Uma técnica da apologética religiosa é confundir normas, prescrições e descrições. Numa aula de filosofia, quase teologia, ouvi o professor dizer que o fundamento da religião tinha de ser verdade porque senão a vida era muito injusta. O argumento ficava melhor numa aula de lógica, como exemplo de non sequitur. E um tema onde esta confusão sobressai é a autoridade.

A autoridade sobre normas ou prescrições é convencionada. O professor decide como avaliar o exame e o juiz prescreve a pena ao condenado com autoridade conferida pela sociedade que acata estas decisões. Do presidente da junta ao primeiro ministro, muitas autoridades nem precisam de mais qualificação que o mero assentimento da maioria. Daí que seja conferir autoridade normativa ou prescriptiva a um líder religioso, livro sagrado ou classe profissional. O padre manda rezar trinta avé-marias e a Bíblia diz o que se pode ou não pode fazer ao sábado. Mas as religiões exageram logo ao assumir que certas autoridades são inquestionáveis. Por ser convencional, este tipo de autoridade pode ser delegado em qualquer pessoa ou tradição. Mas, também por isso, é revogável, condicional e questionável. O professor pode ser despedido e o presidente impugnado. A ambos pode ser destituída essa autoridade pela mesma convenção que lha conferiu. Uma falha nas religiões é não admitir o mesmo para as suas autoridades máximas.

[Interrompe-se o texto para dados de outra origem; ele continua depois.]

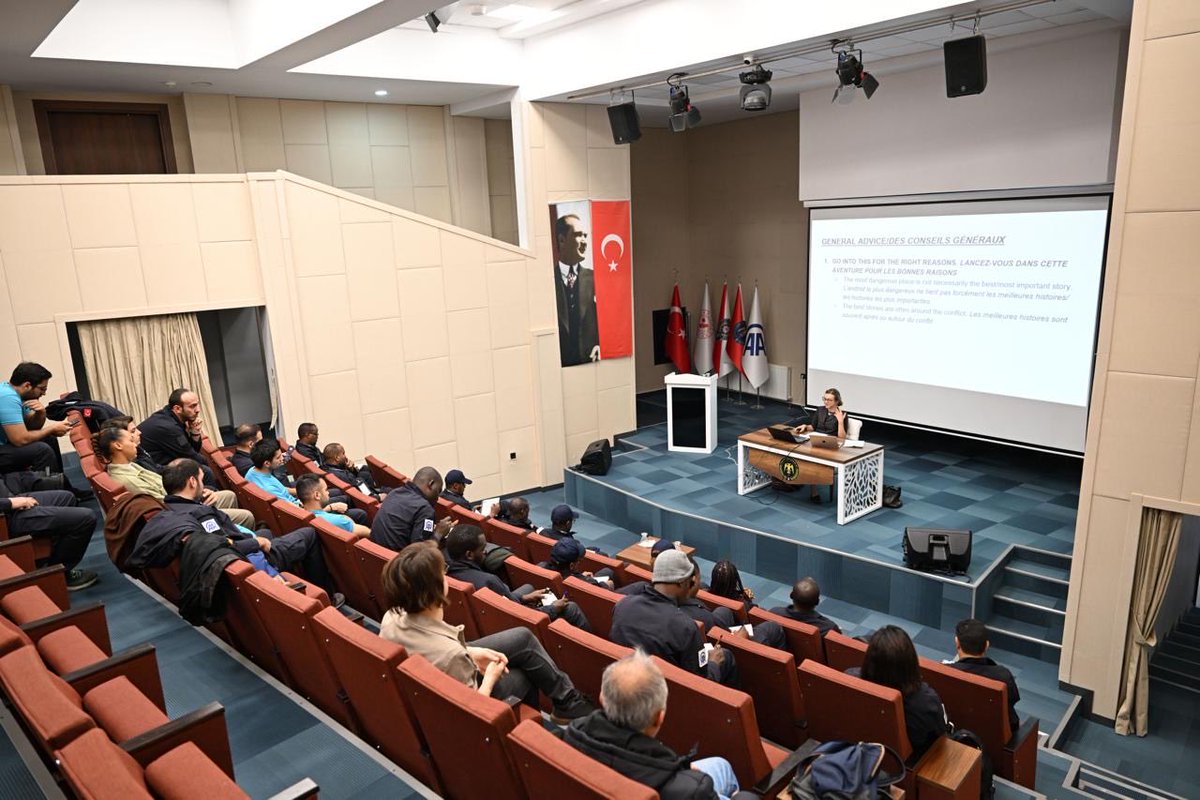 HaberAkademiAA's tweet image. 📌Anadolu Ajansı, Polis Akademisi (@paedutr) ve TİKA (@Tika_Turkiye) işbirliğinde düzenlenen &quot;28. Dönem Savaş Muhabirliği Eğitimi&quot;nin 4. günü FPV Drone’lardan Korunma dersi ve The National News Ortadoğu ve Türkiye Muhabiri Lizzie Porter (@lcmporter) tarafından verilen Savaş…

Já aqui se nota a diferença entre o ateísmo e as religiões. O crente religioso tem de reconhecer uma autoridade suprema que lhe dê normas ou prescrições, seja Corão, Papa ou Buda. O ateu não. O ateu reconhece apenas as autoridades terrenas da sua sociedade. Mas a diferença mais marcante é na autoridade de quem se pronuncia acerca da realidade. Todos reconhecemos a autoridade de cardiologistas, electricistas ou livros de química e física. E esta autoridade tem uma fonte diferente. A autoridade normativa ou prescriptiva é atribuída, ou revogada, por convenção. Até votamos para escolher quem avalie opções políticas e as mande executar. Mas a autoridade do perito não, e dá mau resultado eleger por sufrágio cirurgiões ou engenheiros civis. E se bem que o professor e o juiz possam ser destituídos da sua autoridade normativa ou prescriptiva, ninguém pode ser destituído de ser um perito numa área. Se sabe, sabe. A confiança que temos num perito não vem do título. O título é que vem de ter demonstrado objectivamente que domina essa área.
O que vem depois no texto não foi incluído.